Multimodal, Capsule, and VLM Systems

Multimodal module families

grilly.nn.multimodal includes several fusion strategies:

  • BottleneckFusion

  • PerceiverIO

  • CrossModalAttentionFusion

  • ImageBindFusion

  • PerceiverResampler

  • FlamingoFusion

  • VisionLanguageModel and VLMLayer

These modules allow cross-modal reasoning across text, vision, and other feature streams.

When to use which approach

  1. Start with BottleneckFusion when you need efficient two-stream fusion.

  2. Use PerceiverIO for variable-length multimodal input handling.

  3. Use VisionLanguageModel stack when building end-to-end VLM-style systems.

Design choices

The multimodal subsystem is intentionally pluralistic:

  1. Multiple fusion architectures are provided because no single strategy wins across all modality/sequence regimes.
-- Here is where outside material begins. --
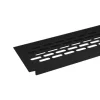 SOTECH Lüftungsgitter Lochblech 484 x 60 mm Schwarz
  2. Bottleneck and resampler options target memory/compute efficiency.

  3. VLM-oriented layers are exposed alongside lower-level fusion blocks so teams can choose between rapid assembly and custom architecture work.

Example: simple multimodal fusion

import numpy as np
import grilly.nn as nn

fusion = nn.BottleneckFusion(d_model=256, num_bottlenecks=32, num_heads=8)

vision = np.random.randn(2, 64, 256).astype(np.float32)
text = np.random.randn(2, 32, 256).astype(np.float32)

fused = fusion(vision, text)
print(fused.shape)

Design considerations

  • Keep modality embeddings in compatible dimensions before fusion.

  • Monitor sequence lengths because attention cost still scales with token counts.

  • Use pooling or resampling to reduce large modality streams early.